ROMA. Dopo il voto del 4 dicembre scorso tutti, almeno a parole,vogliono votare subito perché sostengono che la
XVII legislatura è sostanzialmente finita.

Eppure un conto son le parole,un altro è la realtà.

Intanto, in Italia, solo il Presidente della repubblica può disporre lo scioglimento anticipato di una o di
entrambe le Camere (art. 88, cost. it.) ed il Capo dello Stato prende questa decisione solo se non vi sono
alternative possibili.

Inoltre, Tra l’emanazione dei decreti di scioglimento e la data elettorale devono trascorrere da 45 a 70 giorni,
durante i quali si devono allestire le liste, metter in piedi la macchina elettorale e garantire che dappertutto,
dalle Alpi a Pantelleria sia effettivamente possibile votare.

al momento, però, vi è un ostacolo in più: la confusione della legislazione elettorale.

In questo momento sussistono due leggi elettorali per la Camera dei Deputati (l’Italicum) ed una per il Senato
della Repubblica (quanto resta del Porcellum dopo le sforbiciate della corte costituzionale [sentenza n. 1/2014]).

«Alla Camera – scrive Roberto D’Alimonte – è in vigore un sistema elettorale maggioritario di lista a due turni,
l’Italicum. Chi arriva primo con il 40% dei voti prende il 54% dei seggi. Se nessuno arriva a quella soglia i due
partiti più votati vanno al ballottaggio e chi vince si prende il 54% dei seggi. Per avere seggi basta arrivare al
3% dei voti. Insomma, con questo sistema elettorale in un turno o in due turni si sceglie un vincitore che forma il
governo. In gergo, è un sistema majority assuring, cioè garantisce una maggioranza assoluta di seggi. Allo stesso
tempo, con una soglia così bassa (in Germania è il 5%) anche i piccoli partiti possono essere rappresentati.

Al Senato invece l’Italicum non c’è. C’è un sistema elettorale proporzionale disegnato dalla Corte costituzionale
con la famosa sentenza del gennaio 2014 che ha cancellato il famigerato Porcellum. Allora la Corte decise di
abolire i premi di maggioranza che erano previsti a livello regionale sulla falsariga del premio esistente alla
Camera. Lasciò però in piedi le soglie di sbarramento a livello regionale che sono un po’ particolari. Per i
partiti che preferiscono presentarsi da soli la soglia è piuttosto elevata, l’8 per cento.

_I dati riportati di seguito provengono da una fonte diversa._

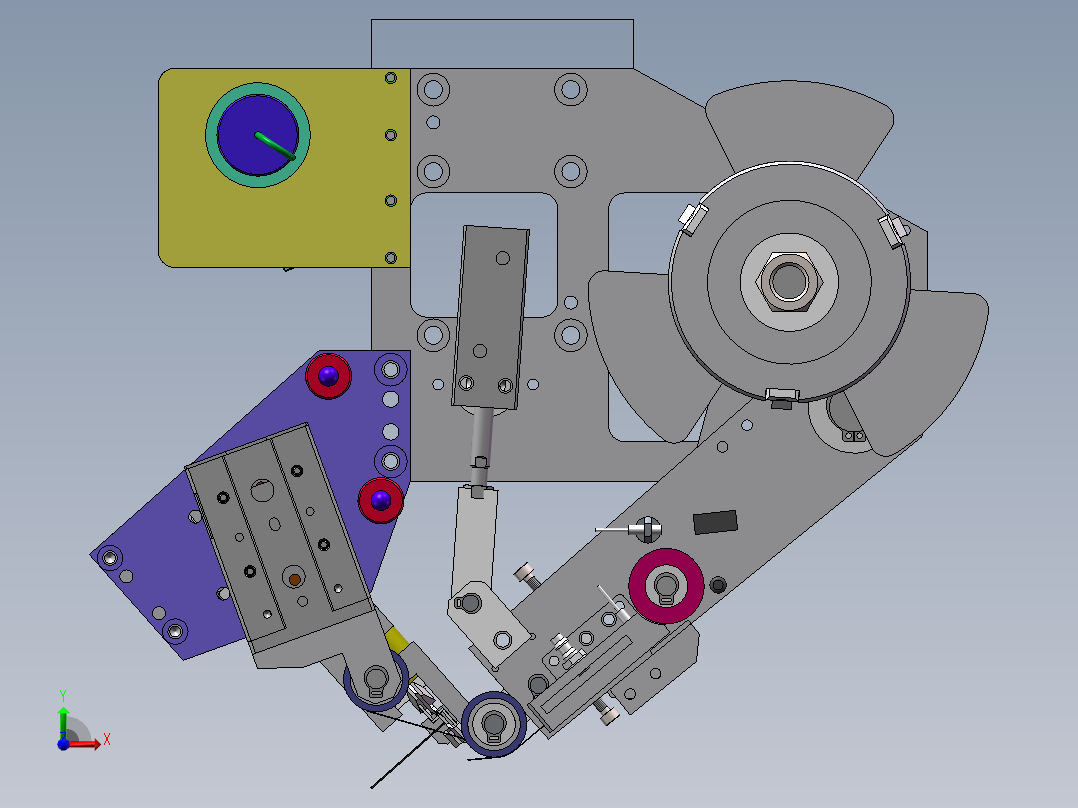 自动贴胶机构前视图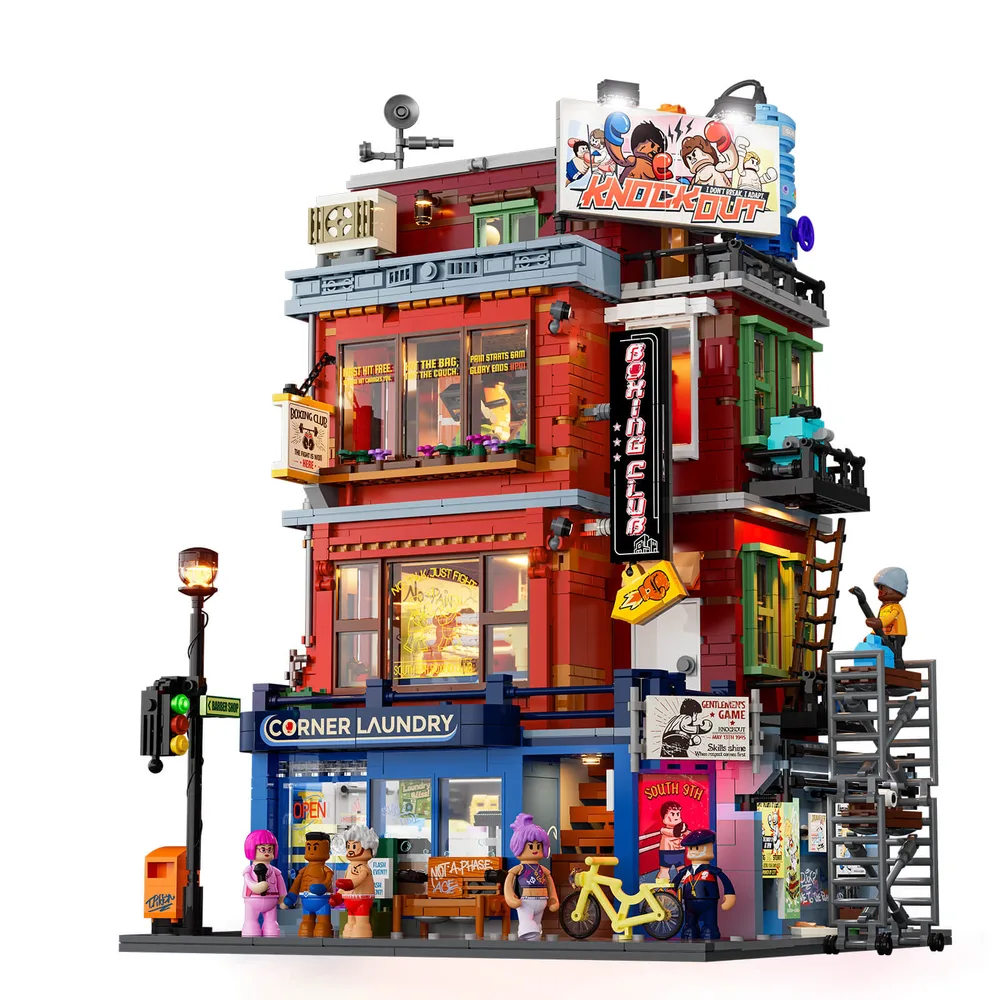 Lumibricks Street Fusion Boxing Club 19009, 3036 pieces, with 24 light points and 8 light strips, full external view.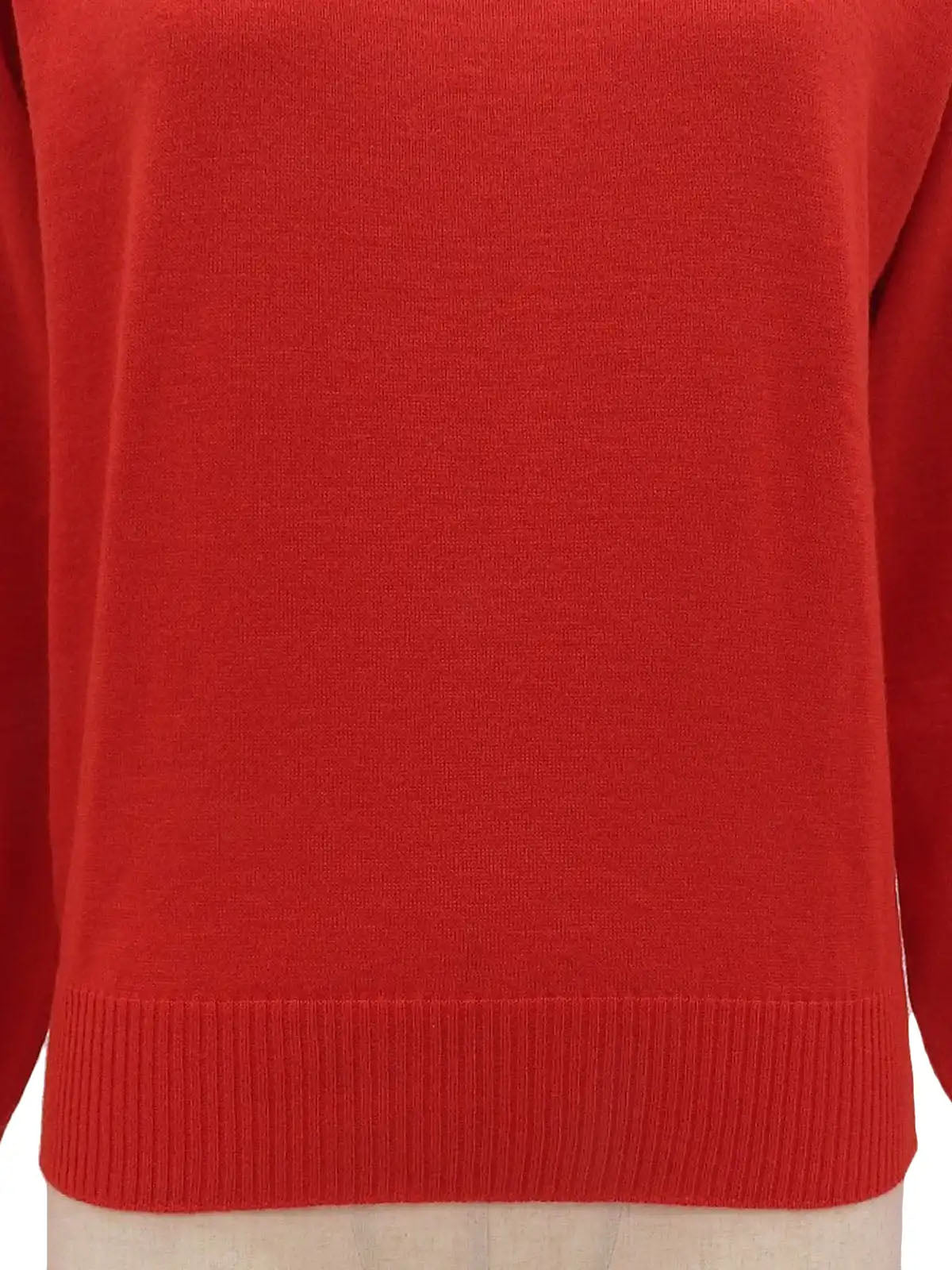 ロゴ刺繍長袖ニットトップス レッド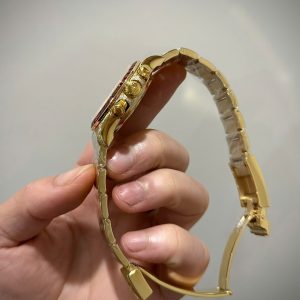 Đồng Hồ Rolex Chế Tác Phủ Vàng 18K Đính Đá Ruby Tổng Hợp & Moissanite 40mm (5)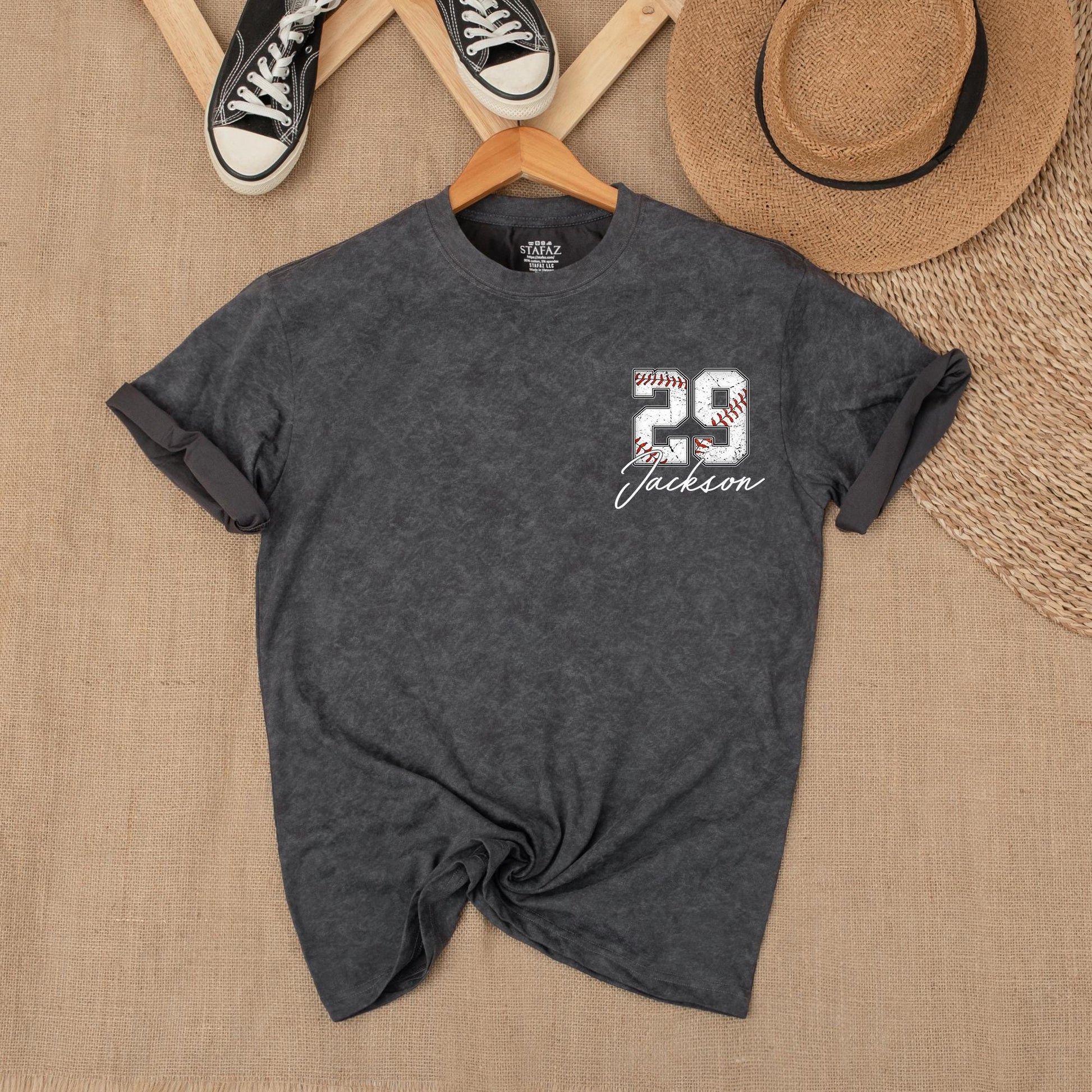 Custom Baseball Pocket Shirt - Baseball Mom Tee, Personalized Baseball Number Comfort Colors, Baseball Fan Gift, Spring Baseball Season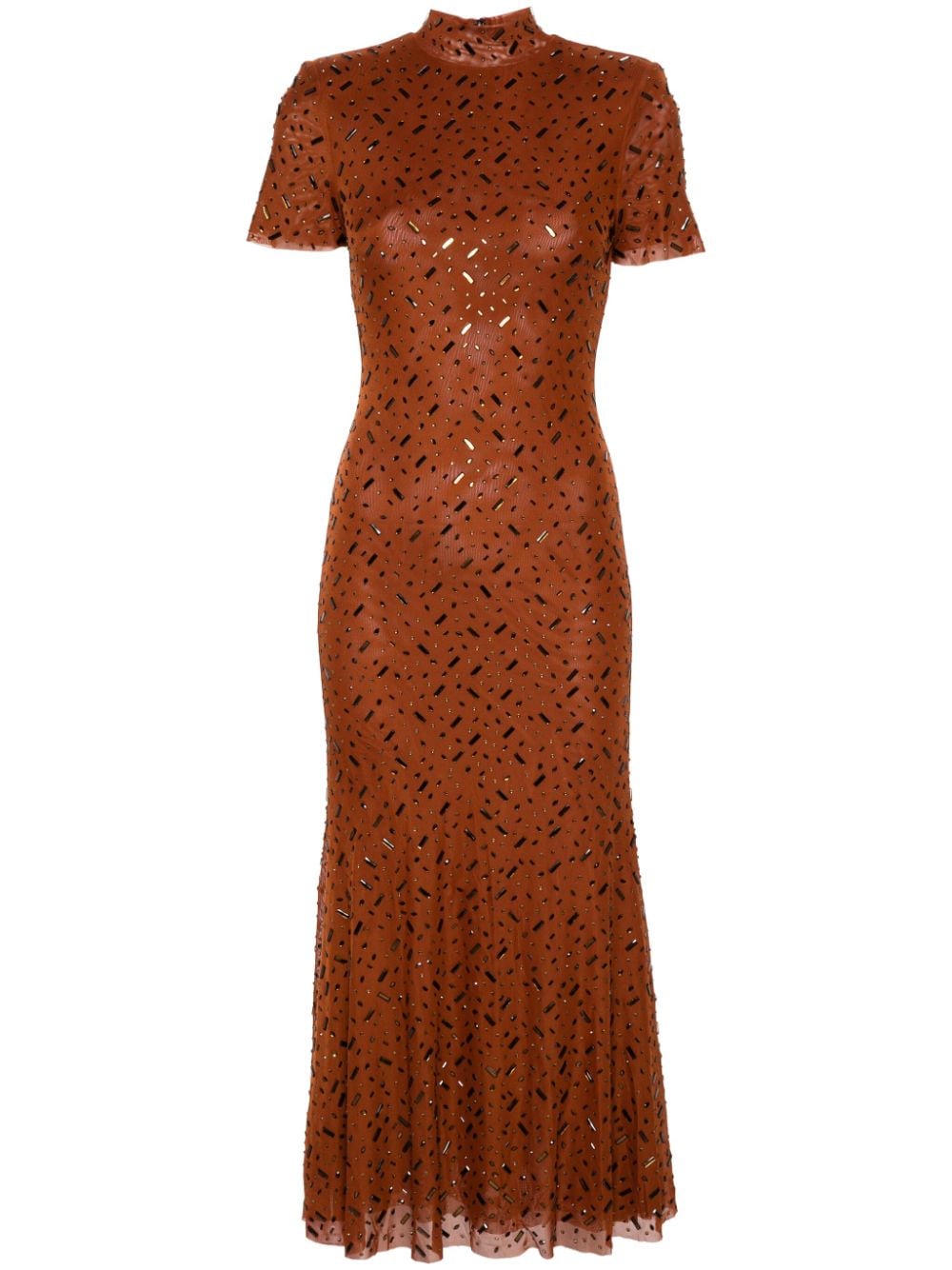 Brown square rhinestone mesh midi dress SELF PORTRAIT Marrone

Per quelli che fanno
alleanze c’è uno sconto sostanziale. Infatti si passa dall’8 al 3 per cento. Non male. Ma lo sconto richiede che
sia soddisfatta una condizione. La coalizione deve arrivare al 20% dei voti. Quindi una coalizione di piccoli
partiti potrebbe non farcela. È la ragione per cui Monti nel 2013 si presentò al Senato con una lista unica, mentre
alla Camera con regole diverse potè presentarsi con una coalizione di liste.

In sostanza, queste soglie mettono i piccoli partiti alla mercé dei più grandi che sono i soli con i quali i
piccoli possono sperare di arrivare al 20 per cento. Questa dipendenza è il risultato dell’abolizione del premio.
Con il premio il rapporto tra partiti piccoli e partiti medio-grandi era più equilibrato. I piccoli avevano bisogno
dei grandi per avere lo sconto, ma i grandi avevano bisogno dei piccoli per conquistare il premio. L’intervento
della Consulta ha squilibrato questo rapporto mettendo i piccoli alla mercé dei grandi. In questo modo sono i
grandi a decidere chi entra in parlamento e chi no.»
***
Il nodo di fondo. Per stabilire una legge elettorale univoca occorre sciogliere un nodo: si vuole una legge che
stabilisca fin dal giorno del voto chi governa o una che fotografa il quadro politico esistente delegando poi alle
forze in campo la formazione della maggioranza?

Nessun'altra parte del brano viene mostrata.